[Records from a data collection]
--

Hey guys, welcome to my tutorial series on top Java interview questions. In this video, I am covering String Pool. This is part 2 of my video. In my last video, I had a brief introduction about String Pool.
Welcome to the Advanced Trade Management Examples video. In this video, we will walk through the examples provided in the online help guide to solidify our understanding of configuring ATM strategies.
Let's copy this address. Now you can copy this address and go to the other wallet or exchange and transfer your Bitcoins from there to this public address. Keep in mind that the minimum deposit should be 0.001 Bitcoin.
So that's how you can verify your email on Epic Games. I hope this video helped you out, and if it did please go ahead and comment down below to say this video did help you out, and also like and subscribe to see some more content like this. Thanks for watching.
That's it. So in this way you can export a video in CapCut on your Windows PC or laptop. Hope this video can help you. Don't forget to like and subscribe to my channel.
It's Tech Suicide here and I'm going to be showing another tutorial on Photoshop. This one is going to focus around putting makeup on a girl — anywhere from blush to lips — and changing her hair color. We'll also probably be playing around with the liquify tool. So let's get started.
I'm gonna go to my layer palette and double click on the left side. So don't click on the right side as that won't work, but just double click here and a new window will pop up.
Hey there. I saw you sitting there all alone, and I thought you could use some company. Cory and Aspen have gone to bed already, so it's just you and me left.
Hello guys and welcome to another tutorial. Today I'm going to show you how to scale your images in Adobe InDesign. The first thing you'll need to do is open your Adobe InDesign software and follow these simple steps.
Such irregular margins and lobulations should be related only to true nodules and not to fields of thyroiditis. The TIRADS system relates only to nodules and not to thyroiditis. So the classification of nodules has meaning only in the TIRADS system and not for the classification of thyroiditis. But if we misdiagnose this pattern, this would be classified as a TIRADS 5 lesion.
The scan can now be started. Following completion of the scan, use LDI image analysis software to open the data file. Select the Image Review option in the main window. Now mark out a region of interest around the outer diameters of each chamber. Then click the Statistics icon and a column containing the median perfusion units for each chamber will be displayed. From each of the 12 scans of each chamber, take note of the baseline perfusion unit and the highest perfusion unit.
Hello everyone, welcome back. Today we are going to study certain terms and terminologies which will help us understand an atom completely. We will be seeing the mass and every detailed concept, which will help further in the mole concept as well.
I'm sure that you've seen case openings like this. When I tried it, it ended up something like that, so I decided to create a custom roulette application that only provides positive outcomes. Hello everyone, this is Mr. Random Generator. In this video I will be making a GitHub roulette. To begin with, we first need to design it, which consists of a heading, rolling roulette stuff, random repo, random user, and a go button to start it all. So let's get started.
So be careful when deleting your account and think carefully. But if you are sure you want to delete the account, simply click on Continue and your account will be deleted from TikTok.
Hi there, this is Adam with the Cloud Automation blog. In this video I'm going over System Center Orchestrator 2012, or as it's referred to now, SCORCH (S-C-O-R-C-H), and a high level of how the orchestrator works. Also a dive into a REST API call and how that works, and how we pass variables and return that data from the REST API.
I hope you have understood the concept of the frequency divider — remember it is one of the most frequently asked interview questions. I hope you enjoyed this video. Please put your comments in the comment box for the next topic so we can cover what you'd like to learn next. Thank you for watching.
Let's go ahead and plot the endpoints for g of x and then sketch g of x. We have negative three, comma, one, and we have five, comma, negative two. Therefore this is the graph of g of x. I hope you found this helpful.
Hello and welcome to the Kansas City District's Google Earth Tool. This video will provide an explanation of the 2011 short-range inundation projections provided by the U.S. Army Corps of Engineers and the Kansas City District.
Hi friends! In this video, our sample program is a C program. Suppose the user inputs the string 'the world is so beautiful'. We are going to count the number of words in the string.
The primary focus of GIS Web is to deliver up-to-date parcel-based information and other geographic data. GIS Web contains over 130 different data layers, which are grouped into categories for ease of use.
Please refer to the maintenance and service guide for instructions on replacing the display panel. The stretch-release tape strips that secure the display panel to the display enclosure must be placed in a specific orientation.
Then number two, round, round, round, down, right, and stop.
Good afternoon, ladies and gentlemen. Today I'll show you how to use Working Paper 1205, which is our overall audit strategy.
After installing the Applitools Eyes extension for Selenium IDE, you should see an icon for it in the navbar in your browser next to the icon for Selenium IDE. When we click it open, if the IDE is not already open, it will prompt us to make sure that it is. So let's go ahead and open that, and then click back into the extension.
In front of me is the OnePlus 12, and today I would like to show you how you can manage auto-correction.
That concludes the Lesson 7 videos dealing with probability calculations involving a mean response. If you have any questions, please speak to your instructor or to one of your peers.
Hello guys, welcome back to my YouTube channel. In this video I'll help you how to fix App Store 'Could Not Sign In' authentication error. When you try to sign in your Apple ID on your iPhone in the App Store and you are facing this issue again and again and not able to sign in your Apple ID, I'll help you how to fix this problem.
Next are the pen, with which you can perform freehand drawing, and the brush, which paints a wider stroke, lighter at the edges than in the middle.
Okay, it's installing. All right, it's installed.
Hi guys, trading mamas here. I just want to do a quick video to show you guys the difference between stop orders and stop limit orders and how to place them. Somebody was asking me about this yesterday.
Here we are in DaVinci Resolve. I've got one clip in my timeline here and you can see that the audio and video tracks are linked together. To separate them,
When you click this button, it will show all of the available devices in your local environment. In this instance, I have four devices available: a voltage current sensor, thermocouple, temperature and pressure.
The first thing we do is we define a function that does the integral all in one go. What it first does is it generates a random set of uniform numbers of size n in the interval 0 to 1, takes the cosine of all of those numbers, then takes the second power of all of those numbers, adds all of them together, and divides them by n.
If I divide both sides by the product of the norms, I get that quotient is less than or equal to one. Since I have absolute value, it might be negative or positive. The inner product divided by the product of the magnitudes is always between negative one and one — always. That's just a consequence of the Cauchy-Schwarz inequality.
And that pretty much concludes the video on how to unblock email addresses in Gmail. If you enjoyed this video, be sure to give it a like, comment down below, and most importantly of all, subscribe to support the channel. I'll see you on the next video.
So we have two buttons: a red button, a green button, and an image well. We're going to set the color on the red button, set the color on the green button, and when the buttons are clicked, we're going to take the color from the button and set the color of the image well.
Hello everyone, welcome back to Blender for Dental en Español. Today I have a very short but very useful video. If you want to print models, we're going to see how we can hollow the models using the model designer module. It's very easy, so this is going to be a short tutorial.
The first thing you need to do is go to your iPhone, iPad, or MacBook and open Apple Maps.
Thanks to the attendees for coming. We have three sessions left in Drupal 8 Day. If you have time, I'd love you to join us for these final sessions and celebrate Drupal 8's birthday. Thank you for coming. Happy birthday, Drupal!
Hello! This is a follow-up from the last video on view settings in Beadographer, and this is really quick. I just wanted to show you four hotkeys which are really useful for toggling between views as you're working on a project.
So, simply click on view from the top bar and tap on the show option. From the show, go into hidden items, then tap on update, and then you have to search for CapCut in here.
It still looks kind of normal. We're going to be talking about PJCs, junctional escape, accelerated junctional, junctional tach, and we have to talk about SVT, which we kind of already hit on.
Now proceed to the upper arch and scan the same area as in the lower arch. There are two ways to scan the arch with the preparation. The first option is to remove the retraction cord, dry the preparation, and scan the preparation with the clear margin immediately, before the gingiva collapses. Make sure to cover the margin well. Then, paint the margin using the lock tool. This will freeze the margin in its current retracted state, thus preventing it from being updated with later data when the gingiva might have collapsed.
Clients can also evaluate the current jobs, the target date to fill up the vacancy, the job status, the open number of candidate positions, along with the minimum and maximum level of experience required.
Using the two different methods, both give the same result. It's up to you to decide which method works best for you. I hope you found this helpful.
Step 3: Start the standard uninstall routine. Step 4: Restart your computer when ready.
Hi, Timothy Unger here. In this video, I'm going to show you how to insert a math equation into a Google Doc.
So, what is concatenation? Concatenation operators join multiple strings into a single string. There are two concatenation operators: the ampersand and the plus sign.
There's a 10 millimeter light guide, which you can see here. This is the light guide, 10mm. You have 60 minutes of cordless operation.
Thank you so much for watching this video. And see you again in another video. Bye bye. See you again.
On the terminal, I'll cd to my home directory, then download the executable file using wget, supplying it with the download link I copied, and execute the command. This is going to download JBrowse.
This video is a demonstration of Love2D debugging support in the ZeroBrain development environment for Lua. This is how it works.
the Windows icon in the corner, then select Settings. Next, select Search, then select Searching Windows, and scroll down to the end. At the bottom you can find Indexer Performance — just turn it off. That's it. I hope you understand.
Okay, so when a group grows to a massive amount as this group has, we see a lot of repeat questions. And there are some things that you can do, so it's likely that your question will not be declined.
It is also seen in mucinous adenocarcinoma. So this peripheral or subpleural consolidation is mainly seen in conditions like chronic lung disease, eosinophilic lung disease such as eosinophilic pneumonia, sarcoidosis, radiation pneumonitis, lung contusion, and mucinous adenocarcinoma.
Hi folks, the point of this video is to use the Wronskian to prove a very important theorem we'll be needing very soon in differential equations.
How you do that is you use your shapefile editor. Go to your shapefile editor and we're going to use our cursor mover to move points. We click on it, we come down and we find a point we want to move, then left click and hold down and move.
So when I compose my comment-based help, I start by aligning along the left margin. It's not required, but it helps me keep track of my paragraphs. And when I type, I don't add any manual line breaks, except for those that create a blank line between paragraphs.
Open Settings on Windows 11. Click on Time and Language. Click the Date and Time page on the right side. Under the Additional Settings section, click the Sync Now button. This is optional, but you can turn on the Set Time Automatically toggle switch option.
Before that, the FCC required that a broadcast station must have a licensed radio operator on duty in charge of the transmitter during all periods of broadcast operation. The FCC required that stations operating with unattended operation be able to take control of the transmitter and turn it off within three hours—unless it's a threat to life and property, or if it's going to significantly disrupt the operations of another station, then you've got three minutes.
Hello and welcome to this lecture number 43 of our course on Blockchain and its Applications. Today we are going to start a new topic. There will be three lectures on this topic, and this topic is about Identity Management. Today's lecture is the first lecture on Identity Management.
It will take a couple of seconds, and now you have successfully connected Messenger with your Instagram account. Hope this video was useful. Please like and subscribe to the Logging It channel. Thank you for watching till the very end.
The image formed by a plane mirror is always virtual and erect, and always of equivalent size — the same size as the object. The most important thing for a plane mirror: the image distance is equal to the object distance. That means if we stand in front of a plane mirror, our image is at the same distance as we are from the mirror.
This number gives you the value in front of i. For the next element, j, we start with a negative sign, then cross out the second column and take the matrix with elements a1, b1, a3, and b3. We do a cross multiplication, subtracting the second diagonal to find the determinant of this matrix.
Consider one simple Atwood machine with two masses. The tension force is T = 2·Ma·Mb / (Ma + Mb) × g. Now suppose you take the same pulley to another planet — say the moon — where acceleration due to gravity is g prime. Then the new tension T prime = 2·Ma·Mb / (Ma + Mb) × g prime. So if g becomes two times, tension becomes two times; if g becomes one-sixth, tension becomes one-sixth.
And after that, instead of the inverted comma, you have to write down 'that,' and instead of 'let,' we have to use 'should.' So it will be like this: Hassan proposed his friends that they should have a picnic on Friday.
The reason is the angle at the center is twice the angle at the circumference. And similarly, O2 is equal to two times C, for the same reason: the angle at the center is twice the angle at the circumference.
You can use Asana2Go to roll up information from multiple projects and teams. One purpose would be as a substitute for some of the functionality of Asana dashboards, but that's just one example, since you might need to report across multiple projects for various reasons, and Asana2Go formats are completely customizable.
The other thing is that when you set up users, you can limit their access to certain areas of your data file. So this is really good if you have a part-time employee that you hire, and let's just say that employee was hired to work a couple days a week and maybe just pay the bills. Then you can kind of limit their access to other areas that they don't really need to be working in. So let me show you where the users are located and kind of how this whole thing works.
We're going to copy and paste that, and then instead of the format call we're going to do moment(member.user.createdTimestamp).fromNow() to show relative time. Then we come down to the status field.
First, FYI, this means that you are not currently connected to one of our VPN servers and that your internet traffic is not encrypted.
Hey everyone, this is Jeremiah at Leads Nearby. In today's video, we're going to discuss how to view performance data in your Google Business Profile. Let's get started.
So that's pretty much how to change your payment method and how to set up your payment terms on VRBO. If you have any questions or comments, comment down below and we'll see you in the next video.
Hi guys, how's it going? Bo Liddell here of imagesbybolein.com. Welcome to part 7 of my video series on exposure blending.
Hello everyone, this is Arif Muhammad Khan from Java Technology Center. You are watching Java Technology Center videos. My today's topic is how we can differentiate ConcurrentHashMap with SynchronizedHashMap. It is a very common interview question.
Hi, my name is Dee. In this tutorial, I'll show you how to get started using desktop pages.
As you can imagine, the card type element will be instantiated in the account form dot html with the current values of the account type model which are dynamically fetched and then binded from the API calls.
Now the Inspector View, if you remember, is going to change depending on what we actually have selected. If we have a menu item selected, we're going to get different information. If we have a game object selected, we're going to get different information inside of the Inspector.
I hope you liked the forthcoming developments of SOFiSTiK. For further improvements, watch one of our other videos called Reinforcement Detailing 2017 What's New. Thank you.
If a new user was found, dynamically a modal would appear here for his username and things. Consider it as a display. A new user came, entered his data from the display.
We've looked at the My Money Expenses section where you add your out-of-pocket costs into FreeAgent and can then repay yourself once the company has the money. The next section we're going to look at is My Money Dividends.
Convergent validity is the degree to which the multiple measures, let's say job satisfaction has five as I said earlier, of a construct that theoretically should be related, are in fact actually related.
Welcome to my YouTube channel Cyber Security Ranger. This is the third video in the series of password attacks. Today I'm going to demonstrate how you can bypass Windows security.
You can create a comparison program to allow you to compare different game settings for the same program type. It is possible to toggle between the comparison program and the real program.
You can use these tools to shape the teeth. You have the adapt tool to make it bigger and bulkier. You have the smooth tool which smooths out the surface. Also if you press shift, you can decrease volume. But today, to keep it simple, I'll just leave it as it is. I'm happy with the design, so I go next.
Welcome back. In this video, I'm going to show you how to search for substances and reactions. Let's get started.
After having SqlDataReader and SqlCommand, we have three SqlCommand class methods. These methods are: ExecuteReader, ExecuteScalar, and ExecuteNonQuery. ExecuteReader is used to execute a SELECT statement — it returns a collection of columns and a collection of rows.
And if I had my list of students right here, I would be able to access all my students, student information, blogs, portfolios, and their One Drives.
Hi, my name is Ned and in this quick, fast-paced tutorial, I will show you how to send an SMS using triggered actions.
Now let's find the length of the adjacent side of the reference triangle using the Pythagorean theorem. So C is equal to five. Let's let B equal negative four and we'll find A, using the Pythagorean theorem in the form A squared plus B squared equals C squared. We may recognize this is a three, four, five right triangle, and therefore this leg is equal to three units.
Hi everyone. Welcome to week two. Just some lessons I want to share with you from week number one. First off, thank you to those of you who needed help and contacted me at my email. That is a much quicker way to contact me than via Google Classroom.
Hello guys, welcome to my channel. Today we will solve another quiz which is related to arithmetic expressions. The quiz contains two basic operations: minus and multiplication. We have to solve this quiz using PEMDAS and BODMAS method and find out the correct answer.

--

Exercise description - Using the records above, restate word for word the lines from the one with "How you do that" through the one with "So when I compose", both included.

Written response -
How you do that is you use your shapefile editor. Go to your shapefile editor and we're going to use our cursor mover to move points. We click on it, we come down and we find a point we want to move, then left click and hold down and move.
So when I compose my comment-based help, I start by aligning along the left margin. It's not required, but it helps me keep track of my paragraphs. And when I type, I don't add any manual line breaks, except for those that create a blank line between paragraphs.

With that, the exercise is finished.